Palgrave Macmillan, 2002, 408 pages

ISBN 0333691288

topics: |  history | india |


A balanced and erudite work, attempting to cover a vast range, while being inclusive of the concerns of the less-empowered groups.

In the spirit of modern historiography, Robb skims lightly over kings and conquests, and enters into the details of the organization of the government and factors that affected the general population. While staying away from leftist positions, the text seeks to follow the economics of rural areas and larger groups of the population.

Excerpts

The continuities of a civilization are like a storehouse in which things decay or are lost, to which things are added, and from which things are selected. Civilizations differ because these inheritances do, because of different experiences, preferences and possibilities. Civilizations may draw together and even merge, or they may draw apart, but their being civilizations means that they have developed with some degree of separation, and within some limits of similarity – physical, economic and ideological.

For example, across greater India some features we now call ‘Hindu’ have been very persistent. To say this is not to endorse the recent equation of ‘Indian’ with ‘Hindu’, which has encouraged religio-political schisms in the subcontinent, helped separate off Pakistan and Bangladesh, and led certain factions to contest the Indianness both of India’s many millions of Muslims, and of certain colonial legacies (including secular government, even the rule of law).

This book hopes to give due weight to the experience of different regions
and to subordinate as well as dominant levels of society.

It will examine some aspects of its three main subject areas successively
over four different periods.  

subject areas: 
 	- rule and protest; 
	- customs and belief; 
	- material culture, production and trade. 

periods 

(1) early (prehistorical, from, say, 7500 BCE (before the Common Era),
	ancient, and early mediaeval); 
(2) mediaeval (roughly 1000–1560 CE); 
(3) early modern (roughly 1560–1860); and 
(4) modern (the ‘high colonial’ years, 1860–1920, plus decolonization and
	early independence to about 1970).


Mughal economics


It was crucial to their success that Akbar and his successors supplemented
military control by a bureaucratic and intelligence structure, mainly paid
for in cash. Such payments were possible, in addition to the huge proportion
of salaries provided through jagirs, because of large inflows of foreign
silver, treasure seized by an ever-conquering empire, large returns from the
emperors’ crown lands (khalisa), and increased imperial control over the
currency. For a hundred years or more the empire had huge income and vast
reserves. Akbar minted and re-minted pure copper, silver and gold coins,
without charge to those supplying the metal but under close official
supervision, and in such quantities that even poor workers in the towns could
be paid in cash.

A central treasury was established, manned mainly by Hindu service castes, to
manage the salaries and jagirs, and audit expenditure, under the supervision
of the wazir (finance minister) and the bakhshi (military
paymaster). Governors (themselves mansabdars) were placed over each province
(subah), with similar establishments – a diwan to manage the revenue and
bakhshis to inspect and certify the quality of the troops. Officers were
placed over each district (sarkar), and a judge (qazi) and a magistrate and
police officer (kotwal) appointed in every town. Information was provided
from every corner of the empire by runners and spies (harkaras) reporting to
the bakshi, official news-recorders, and record-keepers. Paper documentation
was newly significant.

Nowhere was the administration more fully developed than in Akbar’s
revolution of the land-revenue system. At all levels power rested both upon
direct cultivation (often using forced labour) and upon taxing the output of
others. It was expressed in control over and tolls upon land, markets,
artisans, and the movement of goods and persons. In the localities, such
control was held by dominant lineages and office-holders, including the
often-hereditary headmen (chaudhuris in north India and deshmukhs in the
Deccan). Successive rulers created posts and regulations to try to reach
through the magnates and intermediaries directly to the actual producers.

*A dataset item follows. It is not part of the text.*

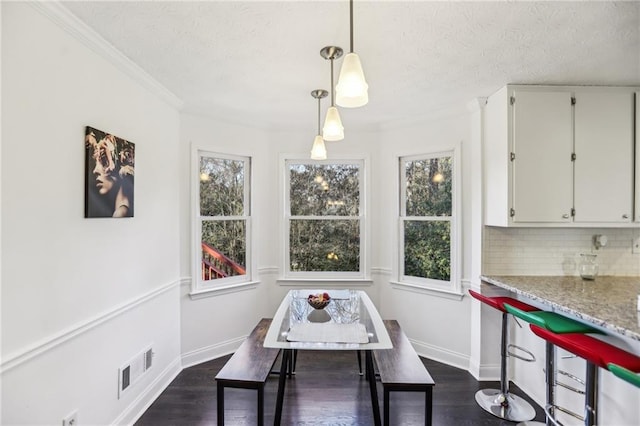 dining room featuring a textured ceiling, a healthy amount of sunlight, dark hardwood / wood-style flooring, and crown molding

The Sur kings had attempted to apply uniform rates of land tax, which was too
inflexible a system. In 1580, therefore, Akbar instituted a major
overhaul. His finance minister, Raja Todar Mal, began to collect statistics
from the local record-keepers (qanungos), and to compile lists of prices
according to standardized measures, within comparable assessment areas or
circles. Survey parties were sent out to measure lands and to collect
information on yields and prices over ten-year periods. These data were
tabulated for each circle, and a final settlement of the land revenue
calculated on the ten-year averages. The demand was set in cash terms, at the
equivalent of about one-half of the food grains, and one-fifth of the cash
crops such as indigo or cotton, plus set amounts for orchards, cattle and so
on. Villages were required to accept joint responsibility for these
settlements, under the supervision of their headmen and the revenue
officers. Jagirs were then recalculated at the revised rates. Payments were
to be made directly to the revenue officials, and records were kept of the
remittances made for separate cultivating holdings.  Local land-controllers
and revenue-collectors, the zamindars, were allowed a fixed 10 per cent of
collections. These rights, thus relatively standardized, became transferable
as a form of property, and the landholders (of whatever origin) gained a
recognizable and defined status with several grades.

5: Company Raj


The British, centred mainly in Fort St George, Madras (Chennai), and the
French at Pondicherry, seemed important initially because of the aid they
could offer to participants in purely Indian struggles. However, under the
governorship of Joseph Dupleix (1742–54), the French tried to create a south
Indian empire, by intervening in regional and dynastic politics. Dupleix
began this policy when it appeared that there was no longer any strong
indigenous power in the south. 116
	     

1857


In part, [the mutiny] was just the most serious of several mutinies by
Company troops, objecting to their conditions, at a time of reduced European
manpower. 145

The mutiny was also yet another rejection of the disturbing force of British
rule, and of its (by this time) possibly Christianizing agenda. Open
proselytizing was being undertaken by certain evangelical officers, and the
missionary presence was growing in north India, as a result of increased
enthusiasm and organization in Britain, of the relaxation of restrictions in
India, and of charitable work during and after famines.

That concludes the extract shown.